• **TASK DIRECTIONS**: Lines from the one with "Nikon Nuvis 110i" to the end of the material, both included: print them exactly and print nothing else. Omit the pictures.

• **GIVEN DATA**:

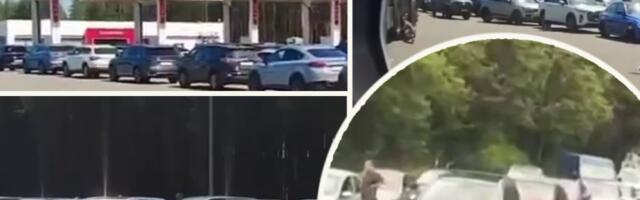 HAOS U RUSIJI ZBOG RESTRIKCIJA GORIVA! Ogromni redovi na pumpama u Moskvi, panika i bežanija sa Krima zbog nestašice benzina! (VIDEO)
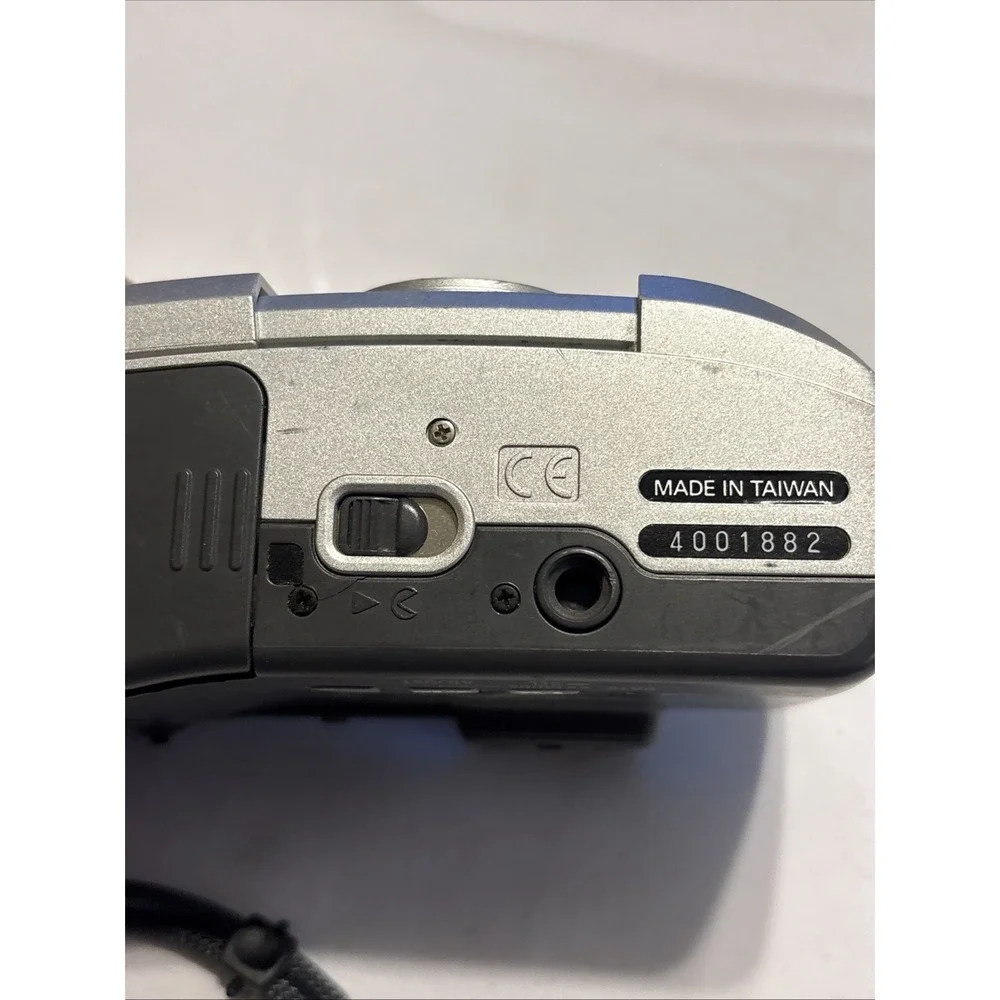 Nikon Nuvis 110i APS Film Camera 30-85mm Zoom Lens Point & Shoot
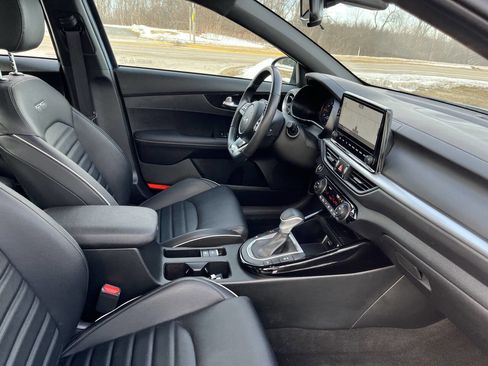 Used 2023 Kia Forte GT-Line w/ GT-Line Premium Package image 35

• **EXERCISE RESULT**:
 Nikon Nuvis 110i APS Film Camera 30-85mm Zoom Lens Point & Shoot
 Used 2023 Kia Forte GT-Line w/ GT-Line Premium Package image 35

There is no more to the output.